エトワールは窮地を脱し、リュヌの隣まで下がった。その顔からひび割れが走り、血が流れているのは、今見せた力の影響なのか。
怒りに燃え血走る眼は、カタナのせいで間違いない事は言いきれるが。
「やってくれたな『凶星』!! アンタはここで殺す!! 私の糧になる価値も無いわ!!」
エトワールから魔光が上り、魔術が発現する。
『雷迅』
稲妻が屋根板を打ち砕きながら、カタナに向かって伸びていく。
しかし魔元心臓の魔力は、その程度の術式は一瞬で掻き消してしまう。
まるで捻じ曲がった理を逆に捻じ曲げて正すかのように、カタナはその有り余る力を唯一生かせる方法を取る。

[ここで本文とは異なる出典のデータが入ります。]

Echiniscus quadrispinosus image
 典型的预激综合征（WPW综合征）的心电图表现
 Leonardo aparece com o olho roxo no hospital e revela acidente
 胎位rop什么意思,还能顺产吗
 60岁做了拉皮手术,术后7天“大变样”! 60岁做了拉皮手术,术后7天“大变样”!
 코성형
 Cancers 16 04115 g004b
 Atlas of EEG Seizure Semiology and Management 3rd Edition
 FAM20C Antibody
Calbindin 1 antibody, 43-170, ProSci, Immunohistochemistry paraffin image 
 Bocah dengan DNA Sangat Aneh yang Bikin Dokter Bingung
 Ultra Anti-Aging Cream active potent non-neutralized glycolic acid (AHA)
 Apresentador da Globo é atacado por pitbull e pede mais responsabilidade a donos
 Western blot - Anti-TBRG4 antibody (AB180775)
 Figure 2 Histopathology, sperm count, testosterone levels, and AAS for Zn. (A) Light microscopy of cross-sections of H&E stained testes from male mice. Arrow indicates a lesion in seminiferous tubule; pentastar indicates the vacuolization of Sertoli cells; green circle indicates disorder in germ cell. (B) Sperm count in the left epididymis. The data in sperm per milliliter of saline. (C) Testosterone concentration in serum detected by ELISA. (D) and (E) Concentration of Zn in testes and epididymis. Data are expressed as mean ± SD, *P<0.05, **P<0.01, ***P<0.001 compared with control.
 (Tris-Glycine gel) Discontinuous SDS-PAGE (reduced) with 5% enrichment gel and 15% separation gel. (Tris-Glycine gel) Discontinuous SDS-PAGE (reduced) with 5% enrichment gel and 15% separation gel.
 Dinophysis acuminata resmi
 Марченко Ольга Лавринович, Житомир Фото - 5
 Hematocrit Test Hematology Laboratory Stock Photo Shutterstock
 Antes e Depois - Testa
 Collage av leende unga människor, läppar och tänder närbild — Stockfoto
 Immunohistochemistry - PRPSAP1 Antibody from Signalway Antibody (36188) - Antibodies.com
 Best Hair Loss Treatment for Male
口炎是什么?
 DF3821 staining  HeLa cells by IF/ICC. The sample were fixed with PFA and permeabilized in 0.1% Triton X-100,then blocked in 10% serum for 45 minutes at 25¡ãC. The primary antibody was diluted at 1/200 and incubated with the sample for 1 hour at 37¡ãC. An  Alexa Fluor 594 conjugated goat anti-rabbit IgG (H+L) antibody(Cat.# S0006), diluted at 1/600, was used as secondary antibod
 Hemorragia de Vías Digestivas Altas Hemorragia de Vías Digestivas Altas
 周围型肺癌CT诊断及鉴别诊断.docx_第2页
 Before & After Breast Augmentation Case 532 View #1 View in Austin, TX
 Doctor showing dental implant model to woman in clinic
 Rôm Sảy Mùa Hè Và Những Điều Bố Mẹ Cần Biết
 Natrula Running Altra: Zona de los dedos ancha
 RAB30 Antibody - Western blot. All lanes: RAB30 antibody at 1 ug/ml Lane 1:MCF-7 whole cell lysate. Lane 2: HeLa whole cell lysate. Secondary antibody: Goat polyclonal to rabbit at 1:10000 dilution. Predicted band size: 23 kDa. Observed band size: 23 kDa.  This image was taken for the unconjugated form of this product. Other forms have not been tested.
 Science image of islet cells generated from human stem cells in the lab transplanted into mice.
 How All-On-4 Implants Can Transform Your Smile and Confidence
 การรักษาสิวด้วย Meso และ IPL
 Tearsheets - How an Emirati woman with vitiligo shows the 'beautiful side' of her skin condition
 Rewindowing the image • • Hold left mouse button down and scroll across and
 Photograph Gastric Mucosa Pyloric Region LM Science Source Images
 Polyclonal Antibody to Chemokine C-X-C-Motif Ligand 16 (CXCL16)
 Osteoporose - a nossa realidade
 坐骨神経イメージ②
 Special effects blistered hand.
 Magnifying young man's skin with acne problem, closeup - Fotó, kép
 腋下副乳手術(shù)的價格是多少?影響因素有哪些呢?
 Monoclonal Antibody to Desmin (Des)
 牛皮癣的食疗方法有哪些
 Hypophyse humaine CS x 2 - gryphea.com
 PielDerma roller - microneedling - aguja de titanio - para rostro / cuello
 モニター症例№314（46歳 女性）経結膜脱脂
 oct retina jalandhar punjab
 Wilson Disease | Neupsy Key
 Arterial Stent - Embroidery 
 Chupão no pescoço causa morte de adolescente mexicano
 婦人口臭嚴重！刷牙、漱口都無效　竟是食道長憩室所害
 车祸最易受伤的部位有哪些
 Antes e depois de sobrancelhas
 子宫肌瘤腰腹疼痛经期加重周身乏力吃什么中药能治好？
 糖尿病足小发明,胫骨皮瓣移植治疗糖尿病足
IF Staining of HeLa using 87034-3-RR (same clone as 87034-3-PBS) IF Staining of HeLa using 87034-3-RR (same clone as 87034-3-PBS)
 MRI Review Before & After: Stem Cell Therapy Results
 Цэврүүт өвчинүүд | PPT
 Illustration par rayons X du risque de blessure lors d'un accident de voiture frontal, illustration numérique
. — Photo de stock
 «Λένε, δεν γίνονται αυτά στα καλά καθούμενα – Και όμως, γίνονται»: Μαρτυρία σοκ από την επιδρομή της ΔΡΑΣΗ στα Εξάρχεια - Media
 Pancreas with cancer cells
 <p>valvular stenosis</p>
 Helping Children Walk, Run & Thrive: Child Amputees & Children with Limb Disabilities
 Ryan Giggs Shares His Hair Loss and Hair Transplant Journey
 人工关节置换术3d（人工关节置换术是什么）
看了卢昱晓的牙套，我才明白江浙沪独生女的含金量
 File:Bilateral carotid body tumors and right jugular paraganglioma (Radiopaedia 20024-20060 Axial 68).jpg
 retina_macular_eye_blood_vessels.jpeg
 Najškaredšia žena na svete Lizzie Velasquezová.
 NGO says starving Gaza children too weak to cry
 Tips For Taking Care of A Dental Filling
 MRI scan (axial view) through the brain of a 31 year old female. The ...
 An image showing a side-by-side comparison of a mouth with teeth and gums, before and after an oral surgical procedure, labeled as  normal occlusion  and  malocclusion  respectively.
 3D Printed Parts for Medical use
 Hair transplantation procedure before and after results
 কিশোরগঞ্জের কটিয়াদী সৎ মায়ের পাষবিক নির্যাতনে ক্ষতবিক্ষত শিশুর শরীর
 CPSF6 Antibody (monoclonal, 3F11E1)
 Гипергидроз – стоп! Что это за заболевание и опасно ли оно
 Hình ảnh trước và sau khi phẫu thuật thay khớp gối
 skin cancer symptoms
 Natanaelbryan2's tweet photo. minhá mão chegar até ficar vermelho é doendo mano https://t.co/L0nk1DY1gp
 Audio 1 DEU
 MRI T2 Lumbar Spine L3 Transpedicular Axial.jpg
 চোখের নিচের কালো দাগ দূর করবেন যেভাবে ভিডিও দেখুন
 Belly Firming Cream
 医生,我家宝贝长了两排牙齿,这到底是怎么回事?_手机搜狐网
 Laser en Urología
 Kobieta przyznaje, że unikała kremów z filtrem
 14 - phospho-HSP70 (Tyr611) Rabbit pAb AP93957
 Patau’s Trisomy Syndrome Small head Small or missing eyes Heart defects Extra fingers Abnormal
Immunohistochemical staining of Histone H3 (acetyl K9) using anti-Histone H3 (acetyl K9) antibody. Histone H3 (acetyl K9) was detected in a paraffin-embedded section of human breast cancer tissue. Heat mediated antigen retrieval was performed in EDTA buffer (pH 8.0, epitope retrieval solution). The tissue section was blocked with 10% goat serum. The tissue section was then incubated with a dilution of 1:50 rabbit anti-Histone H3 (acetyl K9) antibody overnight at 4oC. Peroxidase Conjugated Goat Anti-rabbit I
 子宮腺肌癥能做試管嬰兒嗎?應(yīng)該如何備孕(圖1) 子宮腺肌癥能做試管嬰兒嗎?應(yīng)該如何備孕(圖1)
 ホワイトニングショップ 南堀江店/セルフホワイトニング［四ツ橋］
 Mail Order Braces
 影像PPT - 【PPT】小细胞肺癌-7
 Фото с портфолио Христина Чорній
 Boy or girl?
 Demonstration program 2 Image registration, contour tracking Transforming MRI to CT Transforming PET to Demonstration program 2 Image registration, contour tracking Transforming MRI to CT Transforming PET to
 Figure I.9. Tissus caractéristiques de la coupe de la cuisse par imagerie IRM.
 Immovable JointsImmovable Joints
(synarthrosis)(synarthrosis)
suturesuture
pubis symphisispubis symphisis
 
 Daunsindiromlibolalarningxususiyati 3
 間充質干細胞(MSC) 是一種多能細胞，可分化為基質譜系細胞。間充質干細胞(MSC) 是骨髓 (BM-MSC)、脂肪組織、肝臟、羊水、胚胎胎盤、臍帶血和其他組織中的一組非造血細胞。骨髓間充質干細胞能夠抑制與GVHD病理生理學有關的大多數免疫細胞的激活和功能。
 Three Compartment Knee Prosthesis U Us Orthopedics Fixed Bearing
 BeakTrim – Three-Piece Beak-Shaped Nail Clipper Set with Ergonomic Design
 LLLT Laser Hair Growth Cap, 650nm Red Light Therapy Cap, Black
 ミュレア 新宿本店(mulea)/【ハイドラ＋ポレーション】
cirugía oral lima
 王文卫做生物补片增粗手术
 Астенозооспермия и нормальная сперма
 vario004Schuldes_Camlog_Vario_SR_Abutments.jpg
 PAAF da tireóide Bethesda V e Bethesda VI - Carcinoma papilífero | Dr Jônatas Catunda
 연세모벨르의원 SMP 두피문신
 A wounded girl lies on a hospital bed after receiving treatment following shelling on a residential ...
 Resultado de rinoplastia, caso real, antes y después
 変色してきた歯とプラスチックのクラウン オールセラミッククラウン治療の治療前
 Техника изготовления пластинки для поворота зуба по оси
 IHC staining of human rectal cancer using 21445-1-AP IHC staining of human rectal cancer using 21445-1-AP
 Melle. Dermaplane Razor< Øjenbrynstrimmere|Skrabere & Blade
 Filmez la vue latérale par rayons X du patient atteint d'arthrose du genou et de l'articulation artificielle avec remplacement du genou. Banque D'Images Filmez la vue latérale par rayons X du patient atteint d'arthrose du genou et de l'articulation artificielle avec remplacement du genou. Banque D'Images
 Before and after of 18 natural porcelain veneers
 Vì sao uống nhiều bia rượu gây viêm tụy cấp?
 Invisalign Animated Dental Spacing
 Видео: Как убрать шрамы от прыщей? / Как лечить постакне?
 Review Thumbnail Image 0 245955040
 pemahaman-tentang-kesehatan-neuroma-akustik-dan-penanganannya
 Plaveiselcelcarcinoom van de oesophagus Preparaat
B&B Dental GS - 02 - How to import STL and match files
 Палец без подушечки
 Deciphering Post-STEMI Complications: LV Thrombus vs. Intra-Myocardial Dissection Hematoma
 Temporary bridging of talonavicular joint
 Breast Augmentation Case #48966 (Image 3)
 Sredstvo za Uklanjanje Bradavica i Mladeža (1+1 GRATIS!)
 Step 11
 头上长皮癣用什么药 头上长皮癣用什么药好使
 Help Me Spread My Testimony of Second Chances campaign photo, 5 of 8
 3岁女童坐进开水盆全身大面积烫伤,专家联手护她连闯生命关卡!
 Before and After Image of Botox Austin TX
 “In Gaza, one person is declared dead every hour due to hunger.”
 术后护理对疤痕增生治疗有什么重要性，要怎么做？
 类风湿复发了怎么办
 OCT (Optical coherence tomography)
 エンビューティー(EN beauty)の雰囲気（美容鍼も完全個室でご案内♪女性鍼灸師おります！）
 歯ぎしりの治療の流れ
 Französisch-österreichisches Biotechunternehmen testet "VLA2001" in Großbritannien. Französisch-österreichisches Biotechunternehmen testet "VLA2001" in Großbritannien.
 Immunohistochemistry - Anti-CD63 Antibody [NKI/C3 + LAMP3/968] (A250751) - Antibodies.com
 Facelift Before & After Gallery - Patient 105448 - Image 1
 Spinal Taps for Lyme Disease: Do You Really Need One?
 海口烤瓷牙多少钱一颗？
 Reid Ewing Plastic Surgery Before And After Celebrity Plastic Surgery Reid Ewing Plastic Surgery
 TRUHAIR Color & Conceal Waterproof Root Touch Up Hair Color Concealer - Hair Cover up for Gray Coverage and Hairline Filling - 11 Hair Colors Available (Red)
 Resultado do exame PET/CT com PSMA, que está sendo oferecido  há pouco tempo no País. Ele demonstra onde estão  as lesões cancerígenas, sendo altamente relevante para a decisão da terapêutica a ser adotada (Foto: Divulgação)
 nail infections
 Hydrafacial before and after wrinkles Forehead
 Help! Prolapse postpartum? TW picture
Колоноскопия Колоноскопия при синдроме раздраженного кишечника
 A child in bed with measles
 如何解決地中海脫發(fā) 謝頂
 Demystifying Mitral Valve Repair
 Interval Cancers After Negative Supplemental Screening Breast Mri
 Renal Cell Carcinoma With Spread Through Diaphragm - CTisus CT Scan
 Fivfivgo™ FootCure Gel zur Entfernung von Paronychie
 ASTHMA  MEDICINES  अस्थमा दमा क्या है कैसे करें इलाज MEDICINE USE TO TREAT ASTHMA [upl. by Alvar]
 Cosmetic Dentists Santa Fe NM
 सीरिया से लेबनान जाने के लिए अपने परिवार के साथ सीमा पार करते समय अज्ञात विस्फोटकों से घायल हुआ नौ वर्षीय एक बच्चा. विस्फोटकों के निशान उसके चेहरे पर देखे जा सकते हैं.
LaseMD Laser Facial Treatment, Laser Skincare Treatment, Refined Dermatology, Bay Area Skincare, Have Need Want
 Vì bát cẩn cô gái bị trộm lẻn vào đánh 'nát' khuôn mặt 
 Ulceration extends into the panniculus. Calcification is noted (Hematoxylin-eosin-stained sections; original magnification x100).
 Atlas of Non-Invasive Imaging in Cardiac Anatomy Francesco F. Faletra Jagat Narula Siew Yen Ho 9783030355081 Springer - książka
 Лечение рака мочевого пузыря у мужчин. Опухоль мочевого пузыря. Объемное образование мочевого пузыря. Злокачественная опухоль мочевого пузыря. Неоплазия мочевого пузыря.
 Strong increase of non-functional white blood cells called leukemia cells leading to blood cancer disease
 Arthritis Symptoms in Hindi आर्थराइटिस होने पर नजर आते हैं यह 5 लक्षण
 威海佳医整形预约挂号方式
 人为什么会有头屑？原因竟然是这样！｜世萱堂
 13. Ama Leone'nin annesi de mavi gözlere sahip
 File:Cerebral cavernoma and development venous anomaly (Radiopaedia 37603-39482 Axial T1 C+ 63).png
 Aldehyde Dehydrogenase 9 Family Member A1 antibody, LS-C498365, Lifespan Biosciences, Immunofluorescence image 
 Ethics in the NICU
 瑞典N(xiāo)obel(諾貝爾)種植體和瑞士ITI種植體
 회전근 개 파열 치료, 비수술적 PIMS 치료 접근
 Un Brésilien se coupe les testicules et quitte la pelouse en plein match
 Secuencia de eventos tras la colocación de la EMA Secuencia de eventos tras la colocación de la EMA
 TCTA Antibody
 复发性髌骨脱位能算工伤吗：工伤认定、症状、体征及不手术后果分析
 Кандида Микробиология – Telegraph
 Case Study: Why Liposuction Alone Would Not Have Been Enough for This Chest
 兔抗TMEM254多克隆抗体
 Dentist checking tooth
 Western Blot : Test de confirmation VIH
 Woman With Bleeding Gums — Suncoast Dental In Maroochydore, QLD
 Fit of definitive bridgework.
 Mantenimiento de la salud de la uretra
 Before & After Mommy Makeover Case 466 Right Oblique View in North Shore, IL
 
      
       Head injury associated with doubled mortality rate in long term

「何で……何なのよ、アンタのその力は!! 魔術が通用しないなんて、聞いてない!! どういう事なのよ!!」
エトワールはヒステリーを起こしたように、感情を丸出しにして叫ぶ。
(……やはり俺の事は詳しく知られていなかったか)
魔元生命体である事、魔元心臓の事、少なくともこの二つは情報として洩れていなかったらしい。
フランソワとの付き合いは協会騎士団の聖騎士としてであるから、リュヌ達の知るカタナの中には、帝国特務の魔剣は含まれていなかったのだろう。
「……退きましょう、エトワール」
そして未知を前に、冷静に対処できるリュヌは、カタナにとって一番の難敵であるのかもしれない。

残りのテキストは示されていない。